Когда я вошел в подходящий для водочки возраст, дядя Женя уже не пил — вышел на окончательную пенсию, воду больше не хлорировал, но с рыбалкой не расставался. Из первой своей поездки в Японию я привез ему тонкую и крепкую леску. Он же прислал мне в ответ огромного вяленого леща. Прислал со своим сыном. Ездить в Москву ему стало утомительно. К тому времени я уже закурил — завет дяди Жени так на меня и не подействовал.
* * *
Когда я проживал в 1998 году на даче в Белоострове под Питером, все деревенские со мной здоровались и в местную баню меня пускали по деревенской цене — много дешевле, чем обитателей Северной Пальмиры. Всё во мне было в нужную пору и меру: штаны мятые неопределенного окраса, трехдневная щетина и какая-то охренелость во взоре. Добиться последнего удается не всякому.

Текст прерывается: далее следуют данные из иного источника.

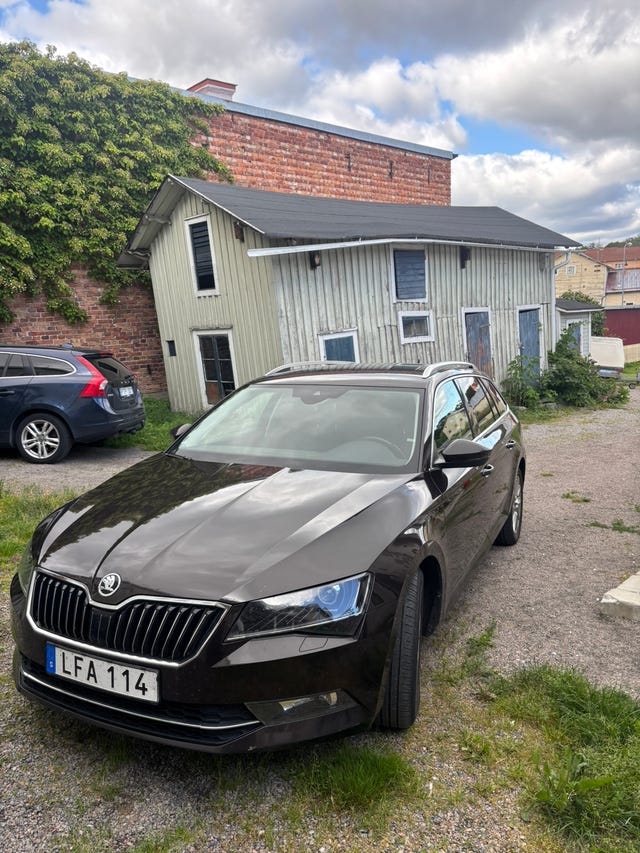 Skoda Superb 2016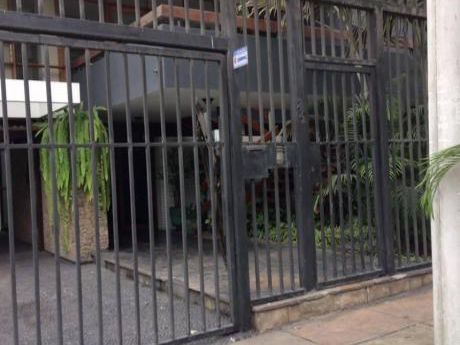 Miraflores. Alquiler De Oficina Amoblada Cerca Al Wong De Benavides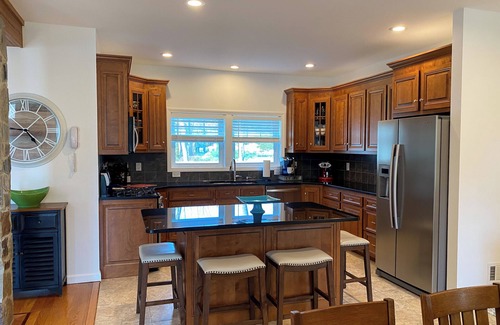 Charlestown Casa | Spacious 4-bedroom house in Charlestown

Пар в той бане был неплохой, но банные разговоры интереснее пара. Голые люди расслаблялись, и их тянуло на откровенности. После парилки рядом со мной уселся на скамеечке мощный абориген с такими огромными и натруженными ладонями, какие бывают у лесорубов. Он достал из кулька воблу и стал неспешно чистить ее, рассуждая на вечную тему о том, почему одним всё, а другим — ничего.
— Ельцин-то, вишь, теннисист. А какой ум у теннисиста может быть? Лупи по мячику — вот и вся недолга. Я так тоже могу. Вот и развел в стране бардак. Акции, фигации, а порядка нет. Водки не пьет, виски хлещет, от народа оторвался. Вот тут рядышком один китаец землю год назад взял, а уже «тачку» себе купил. Это как? А у меня даже велика нет. Вкалывает днем и ночью, ни праздников тебе, ни воскресений. Это ж надо так себя не уважать! А вот Сталин очень скромный был. В футбол играл неплохо, а это дело тонкое. Парился с березовым веником, дубовый не признавал. И правильно делал! От дубового в мозгах одна каша. На столах в пивных были положены соленые сушки и моченый горох. Бесплатно! А когда помер, у него на правом ботинке дырка была. Верно говорю.
— А ты почем знаешь?
— Отец сказал. Он сам видел.
Вступать в дискуссию с лесорубом по поводу его сведений как-то не хотелось, и я сменил тему: «А на лбу-то у тебя шишка откуда?» Лесоруб удивленно пожал плечами: мол, как это так — все уже знают, а ты еще нет: «А это жена в меня табуреткой кинулась». И добавил с уважением: «Здоровая, стерва! Это тебе не прошмандовка и не леди — баба нашенская». После этого протянул мне кусочек воблы. В его лапищах он казался еще меньше, чем был на самом деле. «Ты чего смурной такой? Тоже домой возвращаться неохота?»
Обсушившись, я вернулся на свою дачную веранду и сел переводить средневековые японские стихи.
Мне мил твой голос жалобный,
Кукушка!
Но ты поешь для всех,
И полюбить тебя
Не в силах.
«Как тонко!» — воскликнул я и чуть не добавил «блин». За забором носились с мячом мальчишки, оглашая окрестности обсценной лексикой.